Vintage builds vibrancy
“Adapting older buildings is not only sustainable, but it helps us create a vibrant sense of community from the get go,” says Renewal SA’s Manager Sustainability Project Delivery at Bowden, Andrew Bishop.
The architecture of Plant 4 speaks volumes about the heritage of Bowden. The urban design guidelines for Bowden specify that even new buildings must respond to the industrial heritage of the area, and new residential buildings are incorporating bricks, sleepers and timber from demolished buildings in Adelaide.
“Maintaining some of the site’s older buildings not only celebrates Bowden’s heritage, but also builds extra character in an otherwise new community,” Andrew explains.
Adaptive reuse also suits a retailing environment. The double height ceilings provide a sense of space and good ventilation, while the funky factory feel gives the retail space an additional edge.
“Bowden has been carefully designed to foster social and economic opportunities – and a vibrant built form enhances the streets, encourages dynamic local businesses and attracts the interest of locals,” Andrew adds.
Thumbs up for Green Star
Renewal SA has set a high benchmark for sustainability at Bowden. Each building on the 16.3 hectare site must achieve a 5 Star Green Star rating – or above. Renewal SA has raised the bar further by committing to achieve a Green Star – Communities rating for the entire precinct.

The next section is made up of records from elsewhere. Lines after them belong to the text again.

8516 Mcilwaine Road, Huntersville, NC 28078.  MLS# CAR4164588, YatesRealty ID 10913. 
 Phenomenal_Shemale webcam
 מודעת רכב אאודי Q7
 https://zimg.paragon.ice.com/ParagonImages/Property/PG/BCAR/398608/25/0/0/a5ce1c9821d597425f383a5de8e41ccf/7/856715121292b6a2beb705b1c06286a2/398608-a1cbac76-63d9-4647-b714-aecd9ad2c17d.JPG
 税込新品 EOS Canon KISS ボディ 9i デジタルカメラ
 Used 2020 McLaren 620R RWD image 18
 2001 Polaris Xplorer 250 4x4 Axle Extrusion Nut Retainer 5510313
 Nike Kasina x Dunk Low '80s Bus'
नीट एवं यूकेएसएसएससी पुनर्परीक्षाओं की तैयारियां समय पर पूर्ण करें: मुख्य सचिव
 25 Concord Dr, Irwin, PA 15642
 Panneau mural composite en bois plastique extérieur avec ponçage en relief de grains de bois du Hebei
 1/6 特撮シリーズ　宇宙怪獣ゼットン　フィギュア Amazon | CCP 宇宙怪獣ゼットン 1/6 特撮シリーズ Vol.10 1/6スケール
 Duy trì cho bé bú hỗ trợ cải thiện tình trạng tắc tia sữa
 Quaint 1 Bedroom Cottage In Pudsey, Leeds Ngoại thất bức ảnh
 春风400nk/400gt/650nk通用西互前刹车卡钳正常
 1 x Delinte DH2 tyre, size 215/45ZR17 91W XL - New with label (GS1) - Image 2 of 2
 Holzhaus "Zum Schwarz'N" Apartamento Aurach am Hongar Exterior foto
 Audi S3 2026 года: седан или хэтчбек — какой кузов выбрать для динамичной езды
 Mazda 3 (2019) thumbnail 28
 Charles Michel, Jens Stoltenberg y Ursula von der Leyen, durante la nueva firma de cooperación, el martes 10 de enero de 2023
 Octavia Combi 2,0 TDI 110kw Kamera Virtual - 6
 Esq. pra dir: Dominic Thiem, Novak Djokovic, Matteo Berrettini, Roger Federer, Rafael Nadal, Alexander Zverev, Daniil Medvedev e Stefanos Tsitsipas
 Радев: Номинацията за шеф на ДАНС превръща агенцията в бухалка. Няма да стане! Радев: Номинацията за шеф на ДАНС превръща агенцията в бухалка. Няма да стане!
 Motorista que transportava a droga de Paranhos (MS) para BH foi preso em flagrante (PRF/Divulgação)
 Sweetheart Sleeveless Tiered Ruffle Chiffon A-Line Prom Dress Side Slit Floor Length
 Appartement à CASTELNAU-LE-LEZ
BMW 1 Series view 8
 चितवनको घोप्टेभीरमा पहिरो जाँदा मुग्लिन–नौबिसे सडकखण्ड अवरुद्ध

“We are confident that mandating Green Star for every building in Bowden will deliver better outcomes from the perspective of operating the buildings – something that is important to us and important to residents and tenants,” says Andrew.
“The Green Star framework is helping us to educate Bowden residents about sustainability, and how to best operate their homes. The advantages are clear – residents will save from having more economical buildings, and we’ll attract more residents over time.”
Paul says working with the Green Star – Design & As Built rating tool was “easy”, particularly as the major credits are outcomes-focused.
“We’ve worked on a few new builds using Design & As Built, but this was our first adaptive reuse project. We expected we’d have some feedback for the Green Star team about how the rating tool applies to an existing building – but we didn’t. I think this is a big tick for the rating tool.
“I am definitely recommending it to my clients. If you are considering using Green Star for a refurbishment or change-of-use project, I wouldn’t be concerned about using Design & As Built,” Paul adds.
As for the team at Renewal SA, they have their eyes firmly set on the future.
“We have a vision and firm commitment to achieving that vision. We understand that it will take time for people to appreciate the full value of the Green Star approach, which is why we mandated Green Star for all developments across the Bowden site.
“As more residents see the value of sustainability within their homes, they’ll start demanding it more – and that in turn will drive residential developers towards Green Star. We believe Bowden has a role to play in creating that market for Green Star,” Andrew concludes.